Performance Testing Series
This post is part of a series of blog posts about my performance tests in Azure SQL Database. For the first post in this series (and links to all of the other posts) please see here. For a summary of all the results please see here.
Performance Test Architecture
All elements of the test set up run in Azure, in the same region (Western Europe).
A Cloud Service (Worker Role) ran each test. This reads the definition of each test from a shared control database before executing the test against a target test database – i.e. preparing the database with test data, generating requests of the type and rate specified in the test definition, then cleaning up the test database.
The cloud service can scale to whatever number of request generating threads are required (provided a large enough cloud service instance is configured in Azure).
The cloud service also tracks and captures details of the test (response timings, data volumes, etc) and records this information in the control database.
Fore more details, please continue reading below.
Performance Test Groups
The performance tests were divided into four types:
Quick Tests (QT)
The QT tests were initial fifteen minute tests designed to quickly probe the performance levels and help design the other tests.
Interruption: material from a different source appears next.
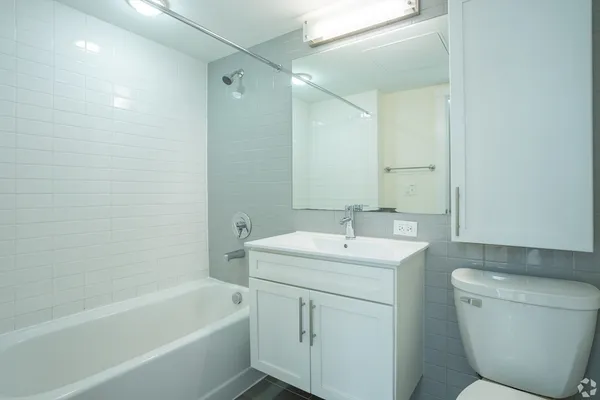 a bathroom with a toilet a sink a mirror a bathtub and vanity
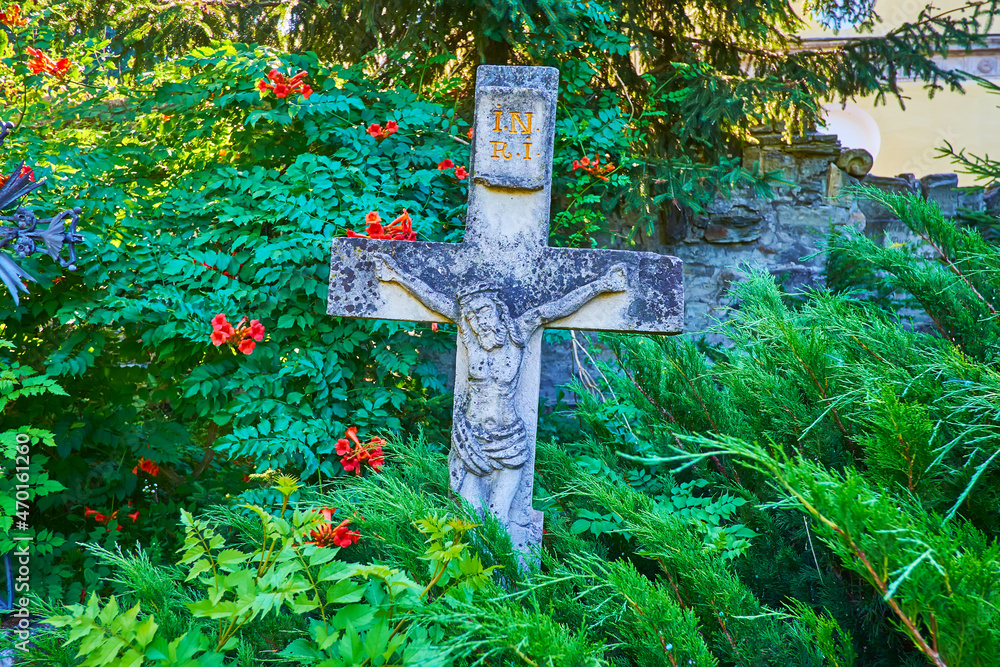 Sticker The medieval gravestone amid the greenery of Kamianets-Podilskyi Cathedral garden, Ukraine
Generally speaking, the results of these quick tests are not discussed in these posts at all, since these initial results were repeated (in more detail) using the other test types. The results of these quick tests were consistent with the more detailed tests.
Unlimited Tests (UT)
The UT tests allow a specified number of threads in the request generator (the cloud service) to generate an “unlimited” number of requests against the test database, i.e. the rate of the requests is not limited by the request generator. Within each thread, as soon as one request is completed another is generated. Each thread has at most one request pending at any one time (i.e. a single thread does not generate more than one request concurrently – this is true across all test types).
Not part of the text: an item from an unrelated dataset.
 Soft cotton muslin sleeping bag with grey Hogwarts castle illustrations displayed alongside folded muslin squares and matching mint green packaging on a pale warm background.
The UT tests are primarily focussed on exploring the maximum write rates to disk and any CPU throttling. The UT tests used relatively small sized data sets (to minimise the set up time and cost for each test). This also means the read rates measured are for reading from the buffer pool and not the physical disk (i.e. from the metrics it is possible to determine that at no point was the physical disk hit and all data was in memory throughout the tests). This provides an interesting contrast to the read rates determined in the Sequential Select and Scale Tests described below.
Each UT test lasted 30 minutes. Each type of test was repeated three times against each of the service tiers except P3.
Limited Tests (LT)
The LT tests generate requests up to a specified maximum rate. The request rate starts low and is gradually increased over subsequent tests. A maximum thread limit (for the request generator) is specified in the definition of each test to prevent the request generator overwhelming the target test database. Once the limit of the target database has been passed (and it cannot service requests fast enough to meet the rate specified in the test) the request generator tracks the number of missed requests (i.e. requests that it couldn’t send) and records this information.
These tests are designed to investigate the behaviour of the database as it approaches the limit of the service tier. Like the UT tests, the LT tests used relatively small sized data sets and are focussed on exploring the maximum write rates to disk and any CPU throttling. Again, read rates are generally speaking for reading from the buffer pool.
LT tests also lasted 30 minutes. Multiple LT tests of each type were performed against each environment (gradually increasing the request rate).
LT tests are more time consuming than the UT tests and so were only conducted against the Web, Basic and S1 service tiers. It is expected/assumed (but not proven here!) that throttling behaviour is pretty similar for the higher-spec service tiers as their respective limits are approached.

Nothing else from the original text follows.